## EXERCISE PROMPT
Would you please copy only the lines from the line that contains "CIAOPANIC（チャオパ" to the end of the data below, exactly, leaving every picture out?

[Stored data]
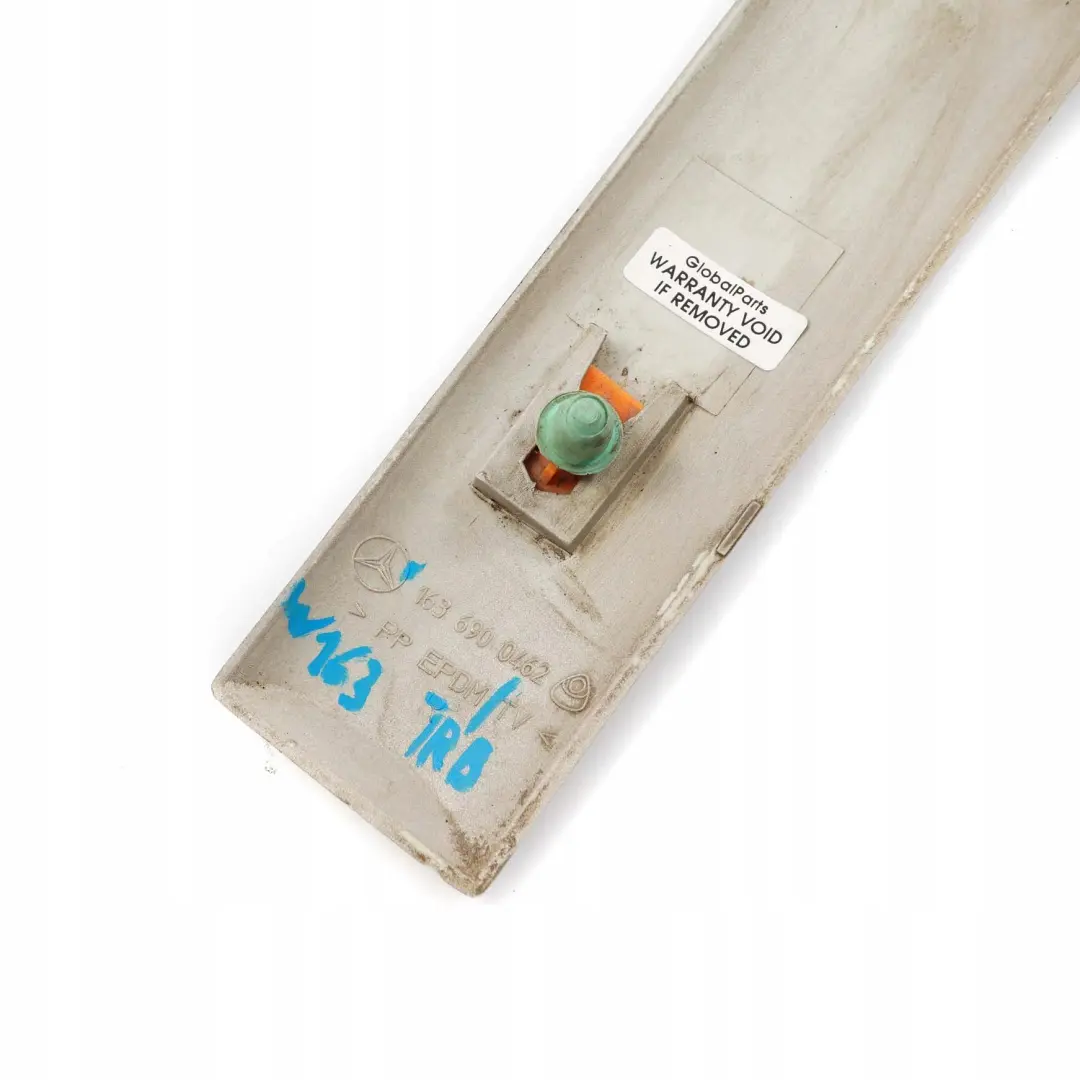 Porta Posteriore Destra Striscia Modanatura Travertino Beige per Mercedes W163 con numero di parte A1636900462 Mercedes W163 Porta Posteriore Destra Striscia Modanatura Travertino Beige - SKU A1636900462-TRB - Numero di parte A1636900462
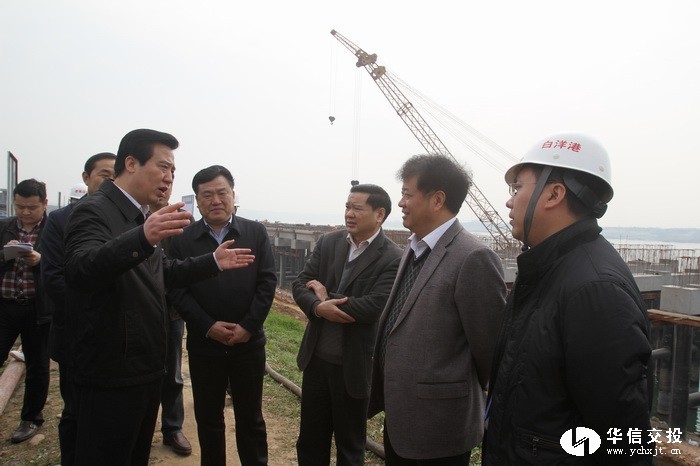 省委常委、市委書(shū)記黃楚平調(diào)研白洋港口新區(qū)11.jpg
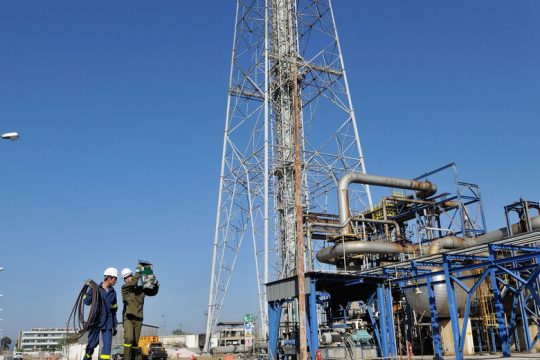 Οπισθεν ολοταχώς στα ΕΛΠΕ, μετά την παρέμβαση του ΤΑΙΠΕΔ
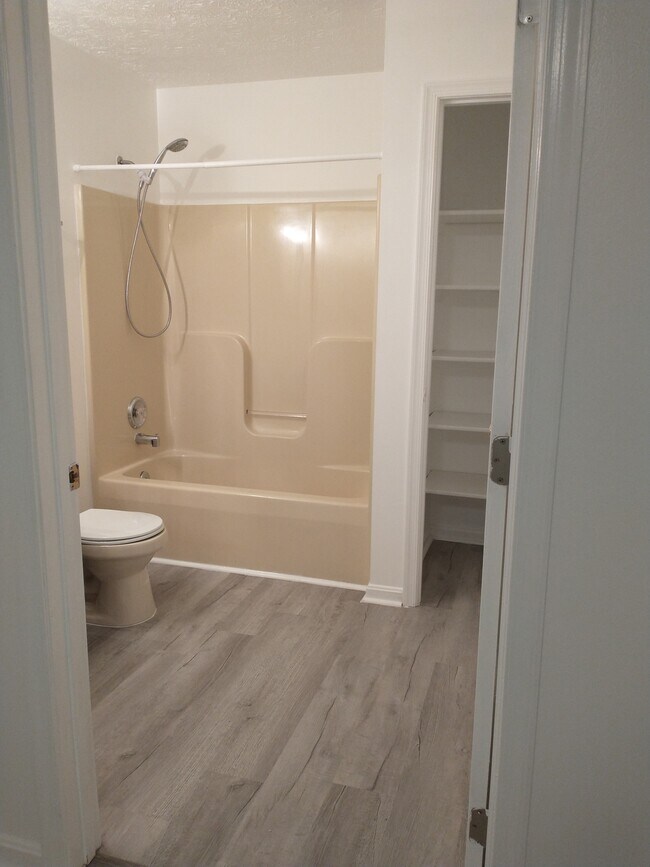 Building Photo - 1288 S Ox Rd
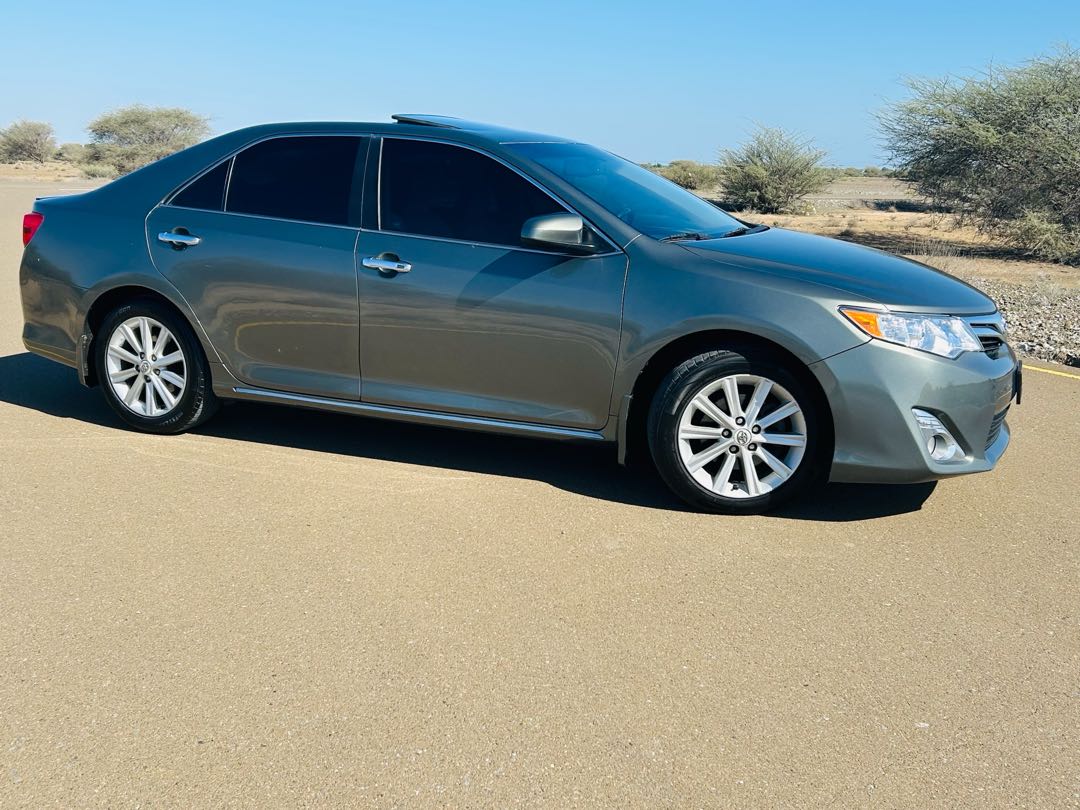 Car Image 2012 TOYOTA CAMRY XLE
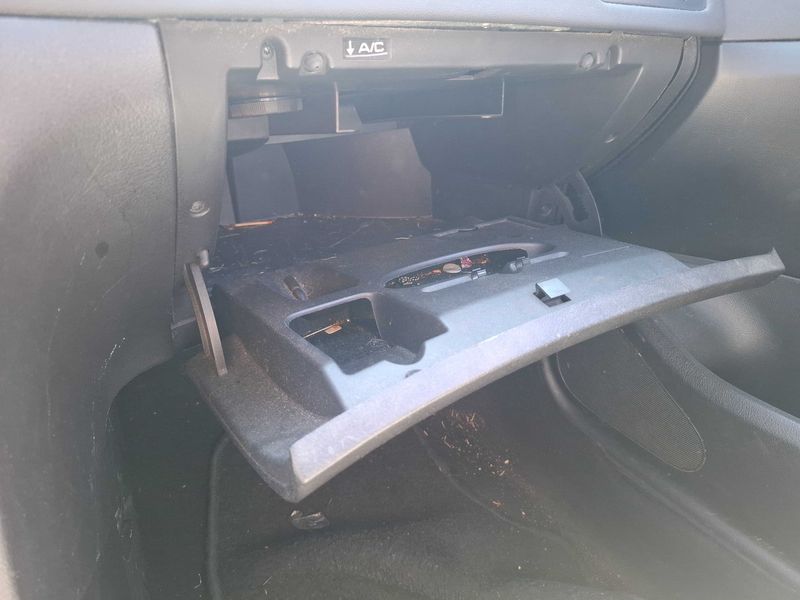 Peugeot 307 1.6 HDi Pack 2005 – снимка 36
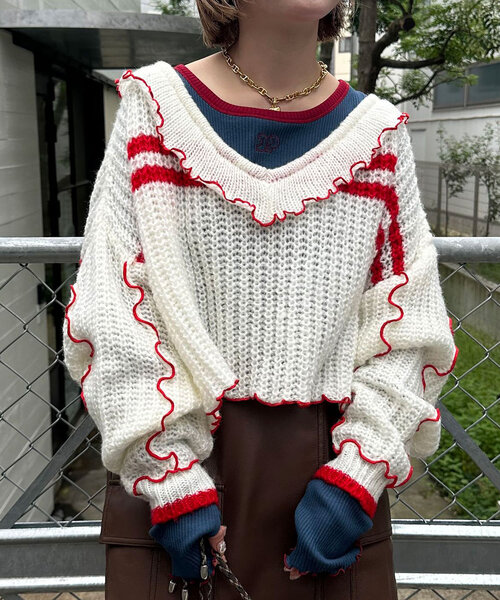 CIAOPANIC（チャオパニック）の「フリルメローラインショートニット（ニット/セーター・レディース・ブラウン/ベージュ/オフホワイト/グレー/ブルー・ONE SIZE）」の2枚目の写真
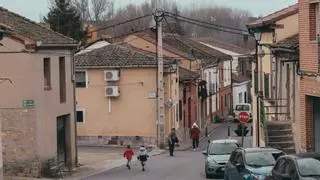 "Aquí hay niños a patadas": el municipio con la población más joven de España no tiene pediatra ni colegio propio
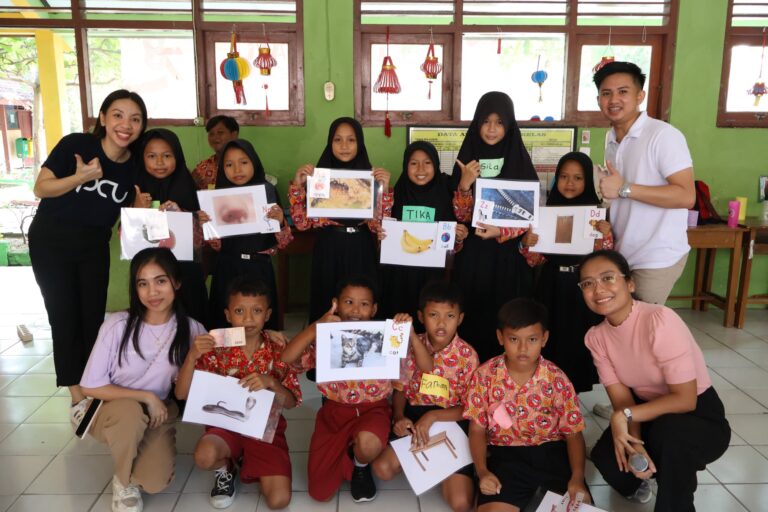 11 Mahasiswa Kelas Internasional UK Petra Surabaya Kontribusikan Ilmunya di Solo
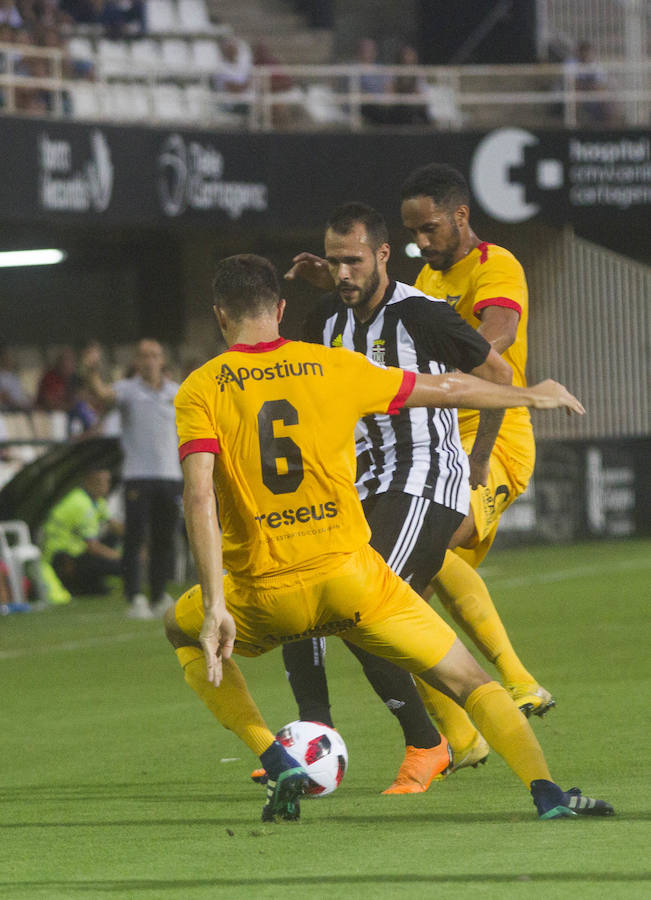 El equipo universitario gana los tres puntos en el Cartagonova tras un gol de Ismael en los últimos minutos, en un partido en el que el Efesé un mejor resultado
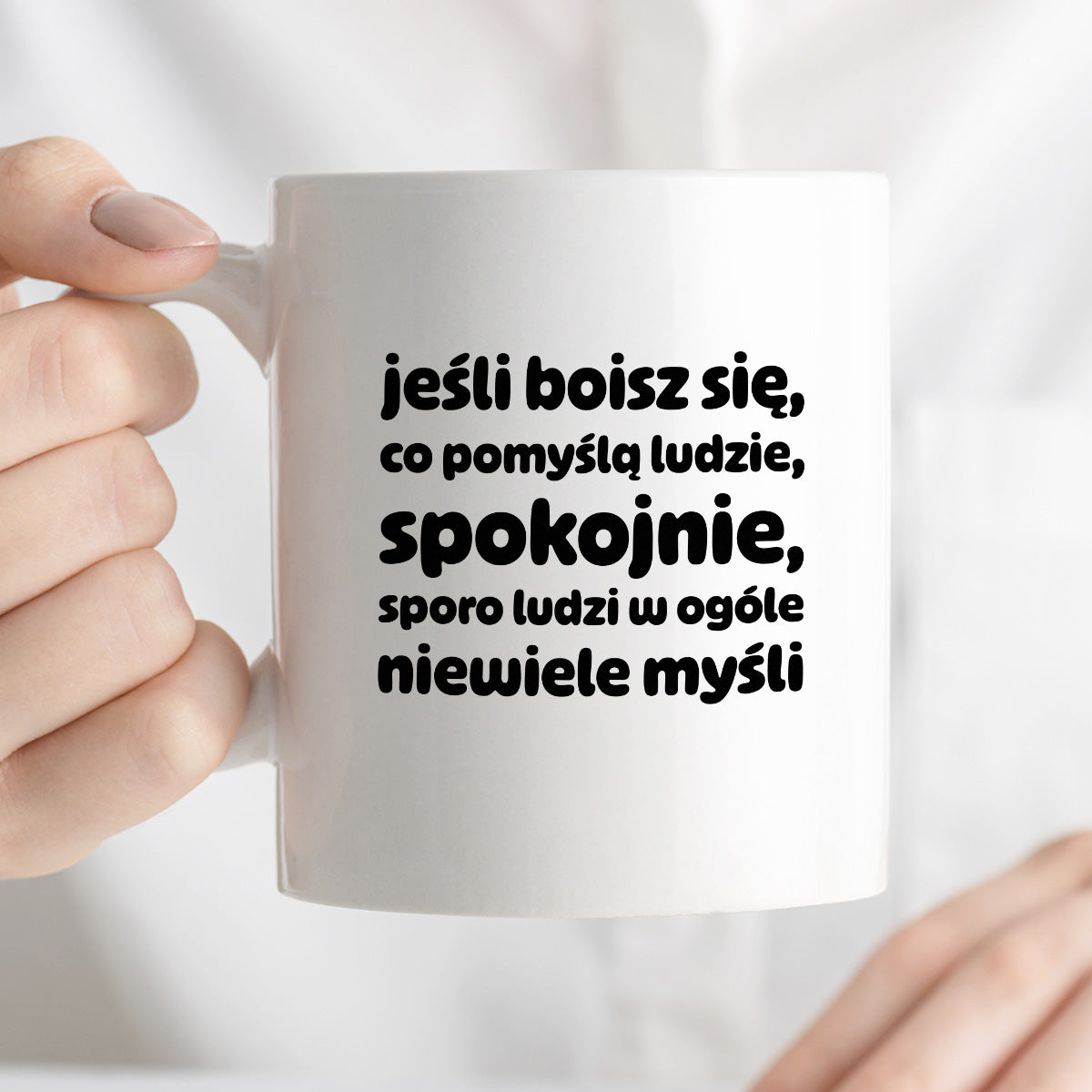 Kubek z nadrukiem "jeśli boisz się, co pomyślą ludzie, spokojnie, sporo ludzi w ogóle niewiele myśli"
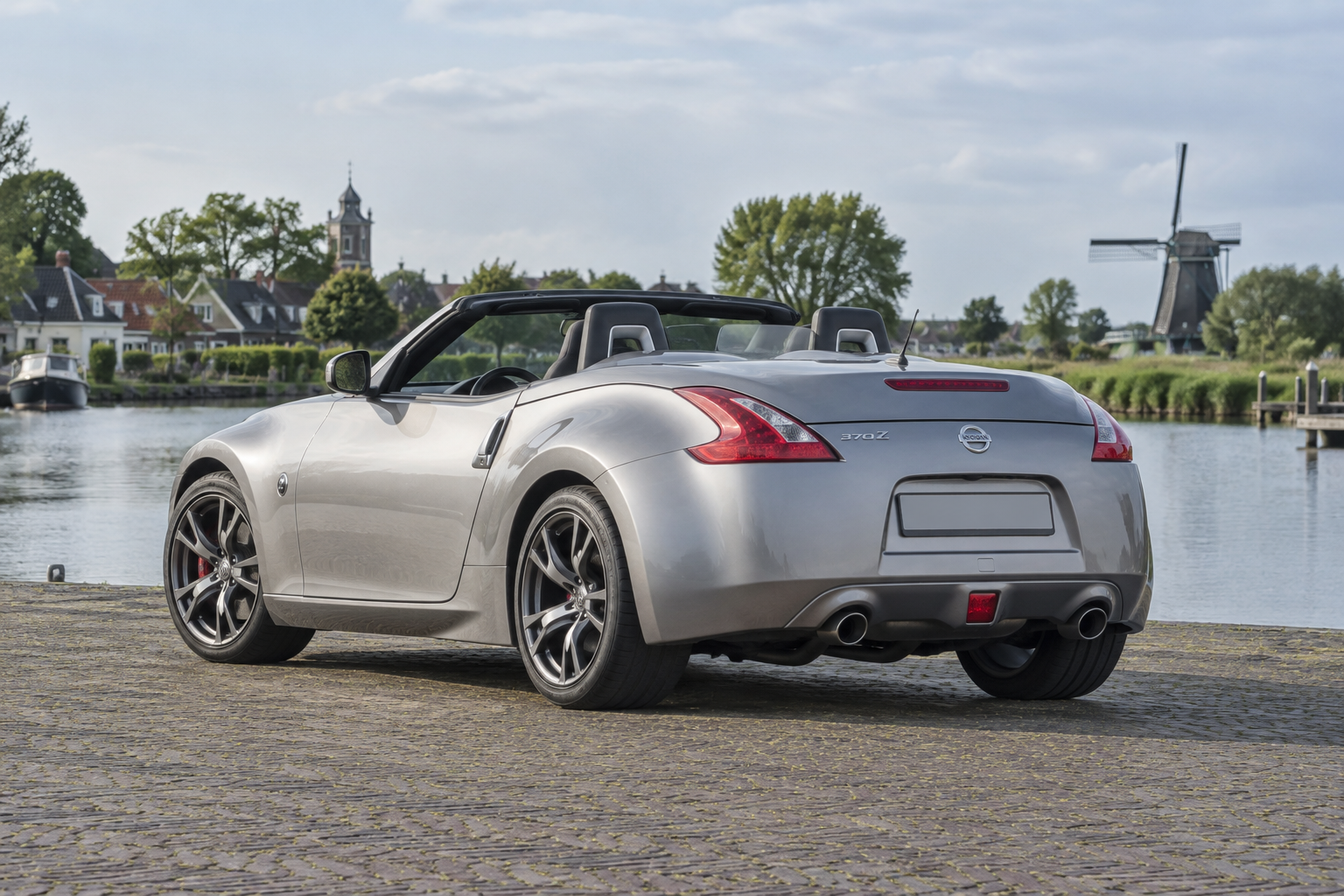 Illustratie van een Nissan 370Z Roadster met geopend dak, schuin van achteren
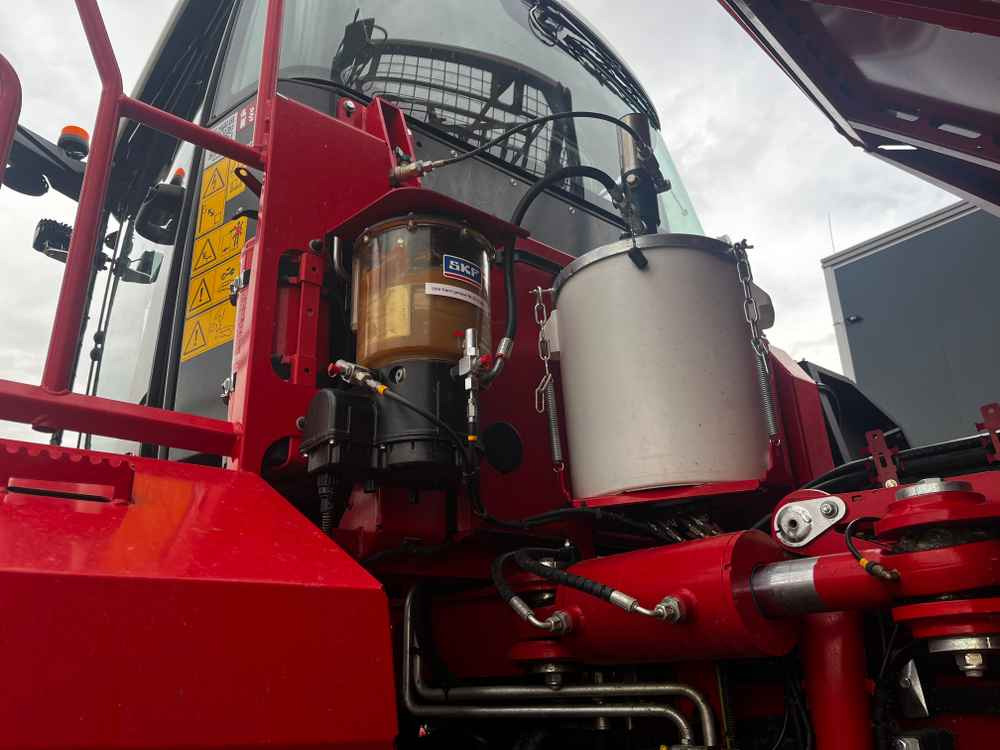 Grimme REXOR 6300 Platinum - Beet harvester: picture 2 Grimme REXOR 6300 Platinum - Beet harvester: picture 2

## SOLUTION TO THIS PROBLEM
 CIAOPANIC（チャオパニック）の「フリルメローラインショートニット（ニット/セーター・レディース・ブラウン/ベージュ/オフホワイト/グレー/ブルー・ONE SIZE）」の2枚目の写真
 "Aquí hay niños a patadas": el municipio con la población más joven de España no tiene pediatra ni colegio propio
 11 Mahasiswa Kelas Internasional UK Petra Surabaya Kontribusikan Ilmunya di Solo
 El equipo universitario gana los tres puntos en el Cartagonova tras un gol de Ismael en los últimos minutos, en un partido en el que el Efesé un mejor resultado
 Kubek z nadrukiem "jeśli boisz się, co pomyślą ludzie, spokojnie, sporo ludzi w ogóle niewiele myśli"
 Illustratie van een Nissan 370Z Roadster met geopend dak, schuin van achteren
 Grimme REXOR 6300 Platinum - Beet harvester: picture 2 Grimme REXOR 6300 Platinum - Beet harvester: picture 2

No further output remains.